TASK TO CARRY OUT → Write out all of the entries that follow, word for word, but skip the pictures.

Short text fragments from websites →
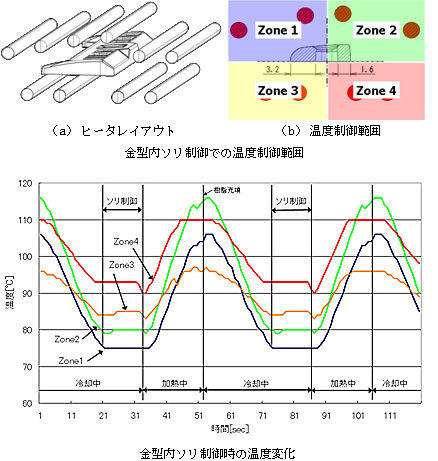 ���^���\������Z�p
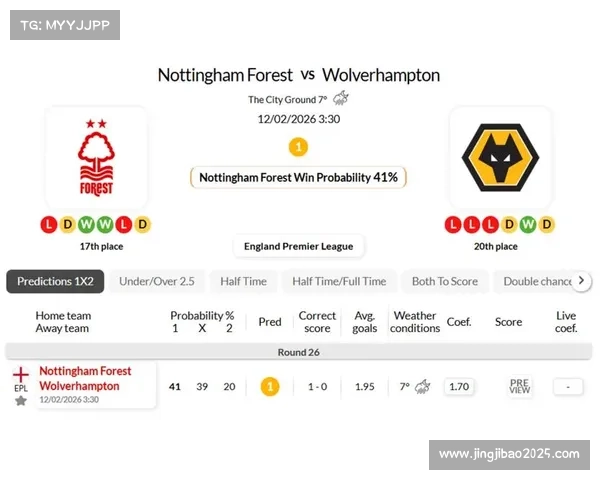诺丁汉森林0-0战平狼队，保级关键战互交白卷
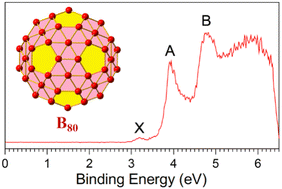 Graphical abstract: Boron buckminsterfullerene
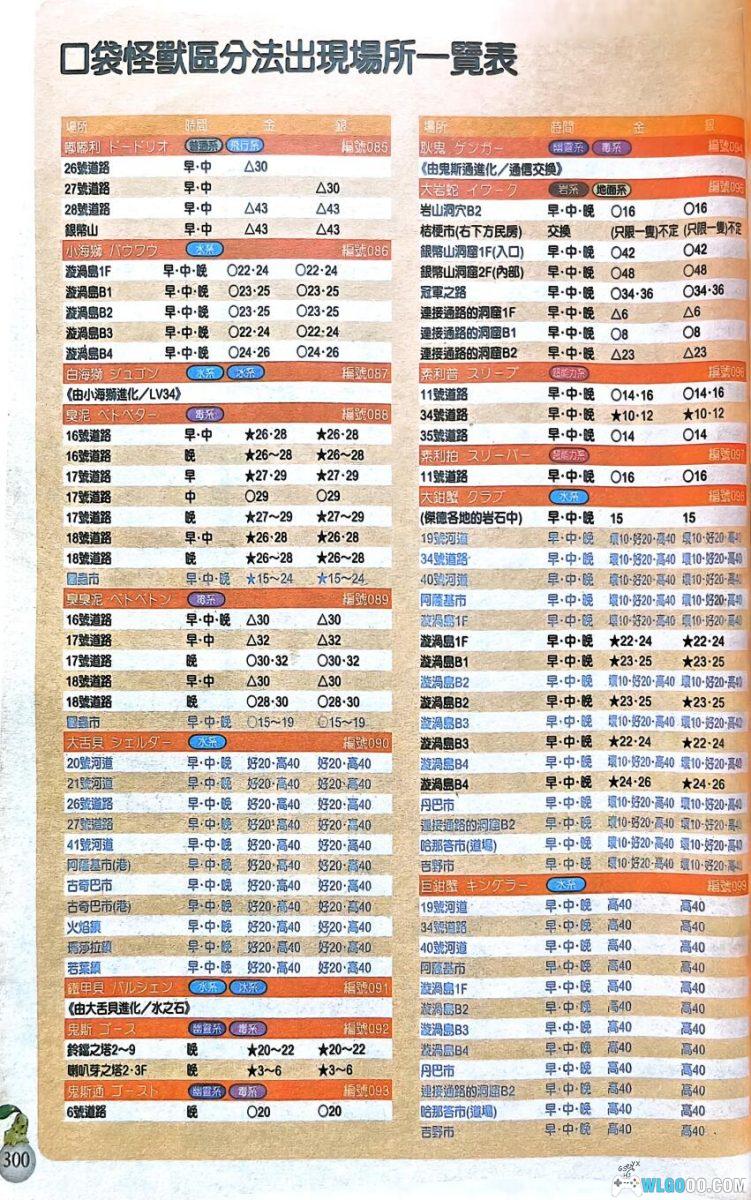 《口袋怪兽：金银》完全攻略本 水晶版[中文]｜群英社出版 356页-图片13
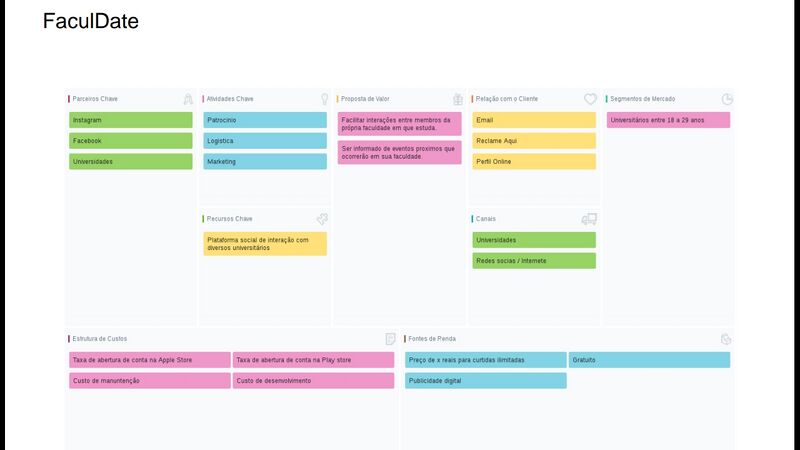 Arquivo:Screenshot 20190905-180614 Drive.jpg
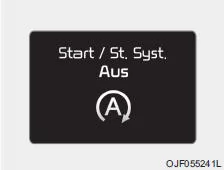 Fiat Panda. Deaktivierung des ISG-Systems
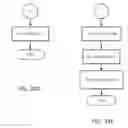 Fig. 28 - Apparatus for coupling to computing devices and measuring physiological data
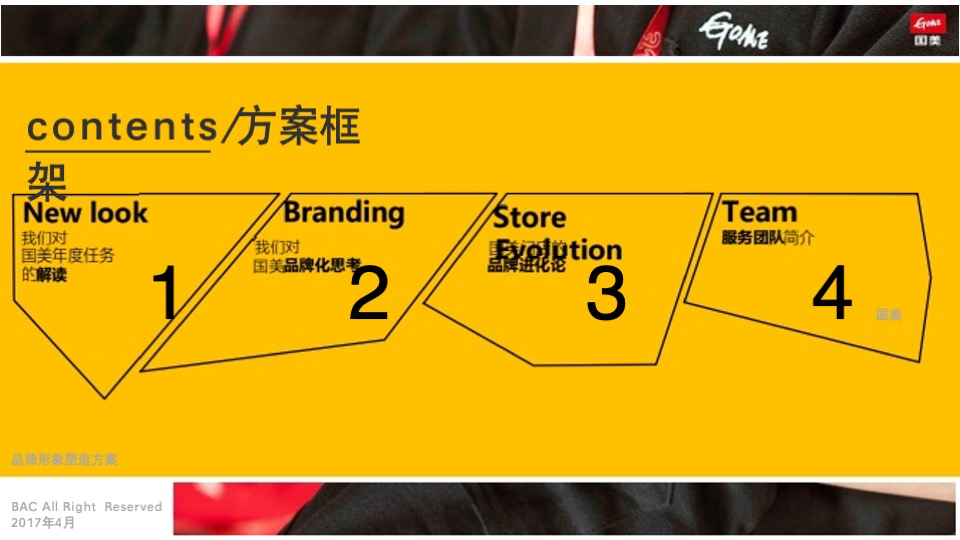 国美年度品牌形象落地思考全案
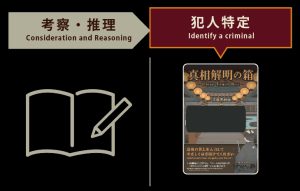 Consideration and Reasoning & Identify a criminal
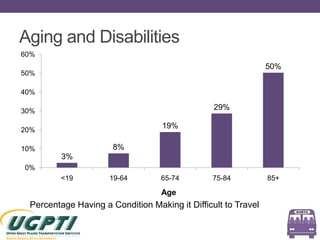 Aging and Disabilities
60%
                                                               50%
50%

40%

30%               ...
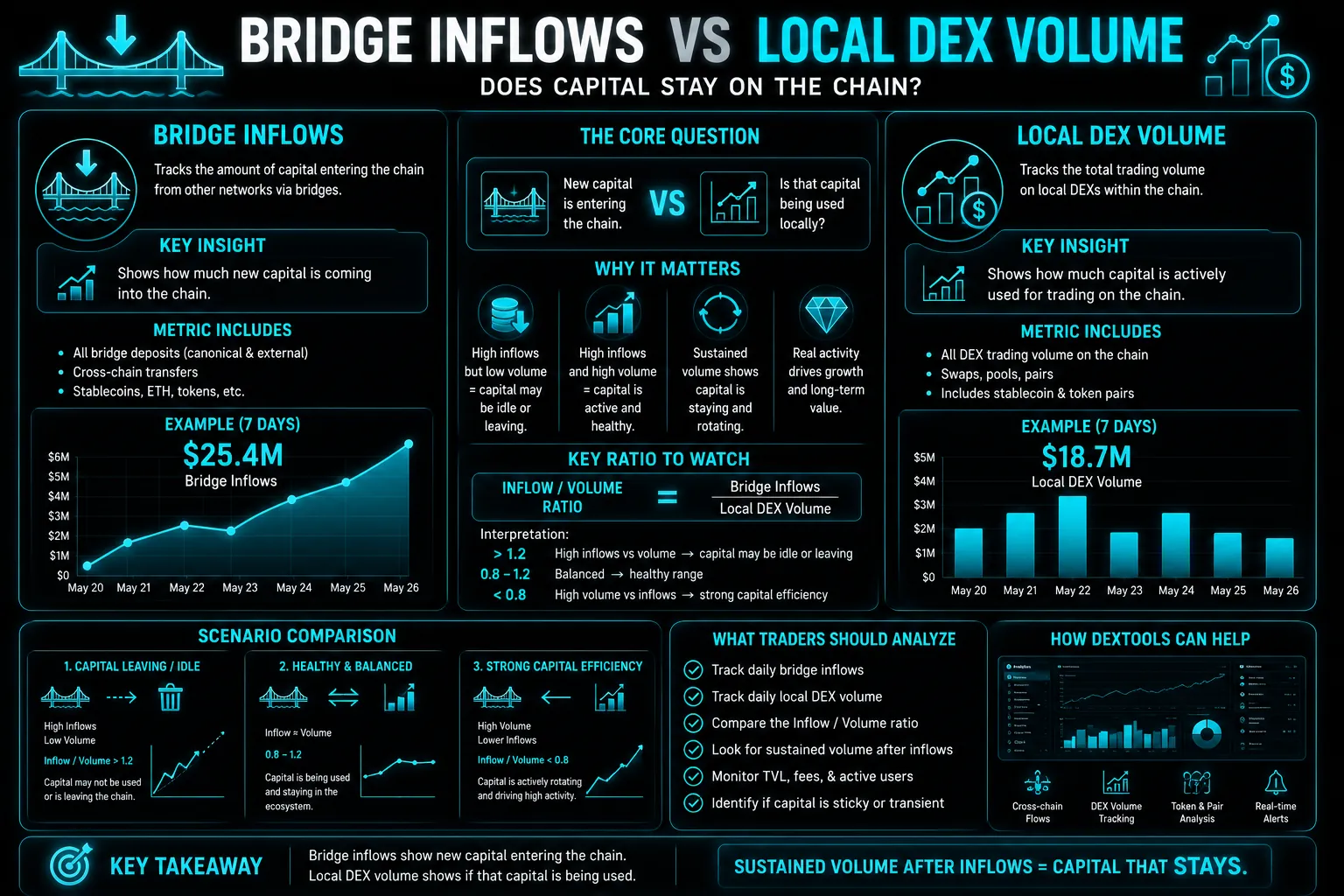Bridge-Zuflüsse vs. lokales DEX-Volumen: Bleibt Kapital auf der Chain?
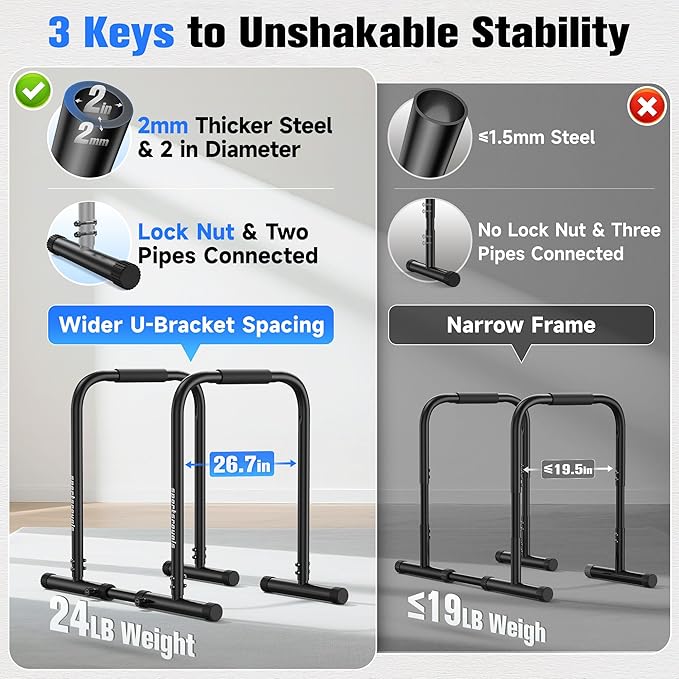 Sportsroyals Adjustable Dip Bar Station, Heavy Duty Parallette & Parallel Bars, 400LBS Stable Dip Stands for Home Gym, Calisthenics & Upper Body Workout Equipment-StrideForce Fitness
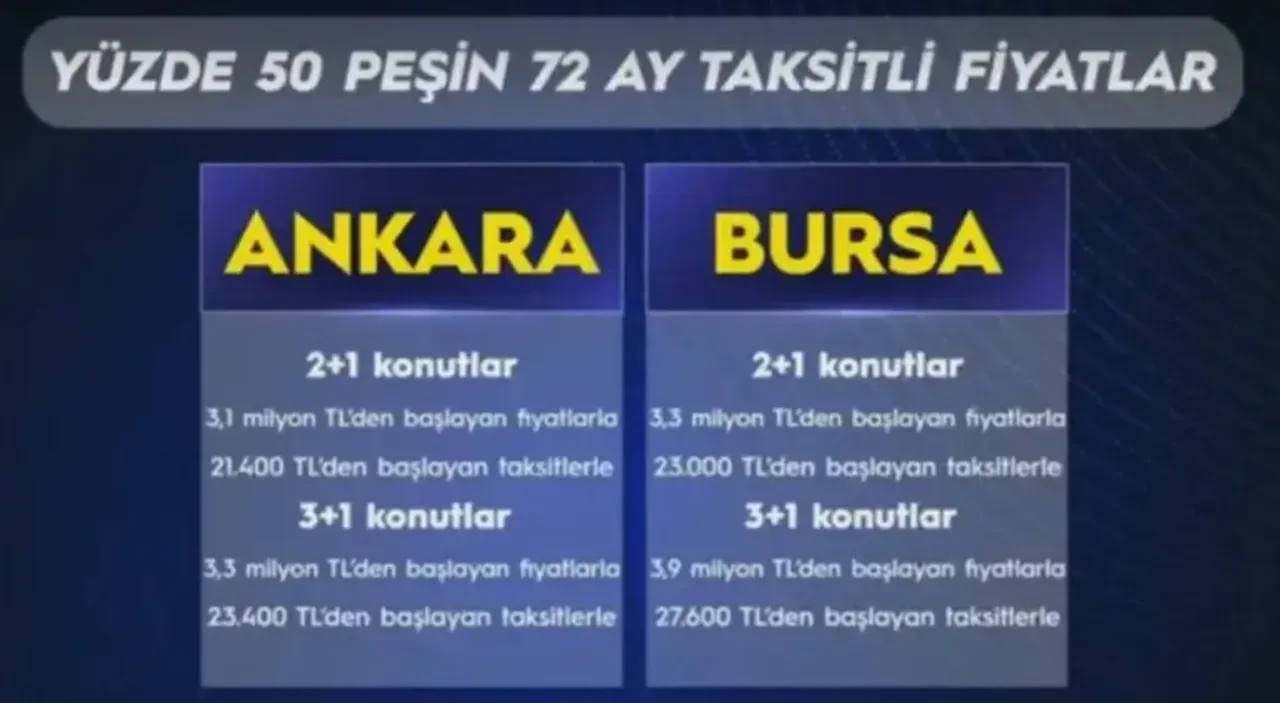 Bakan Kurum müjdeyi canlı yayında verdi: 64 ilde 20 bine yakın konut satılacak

ANSWER FOR THE TASK →
 ���^���\������Z�p
诺丁汉森林0-0战平狼队，保级关键战互交白卷
 Graphical abstract: Boron buckminsterfullerene
 《口袋怪兽：金银》完全攻略本 水晶版[中文]｜群英社出版 356页-图片13
 Arquivo:Screenshot 20190905-180614 Drive.jpg
 Fiat Panda. Deaktivierung des ISG-Systems
 Fig. 28 - Apparatus for coupling to computing devices and measuring physiological data
 国美年度品牌形象落地思考全案
 Consideration and Reasoning & Identify a criminal
 Aging and Disabilities
60%
                                                               50%
50%

40%

30%               ...
Bridge-Zuflüsse vs. lokales DEX-Volumen: Bleibt Kapital auf der Chain?
 Sportsroyals Adjustable Dip Bar Station, Heavy Duty Parallette & Parallel Bars, 400LBS Stable Dip Stands for Home Gym, Calisthenics & Upper Body Workout Equipment-StrideForce Fitness
 Bakan Kurum müjdeyi canlı yayında verdi: 64 ilde 20 bine yakın konut satılacak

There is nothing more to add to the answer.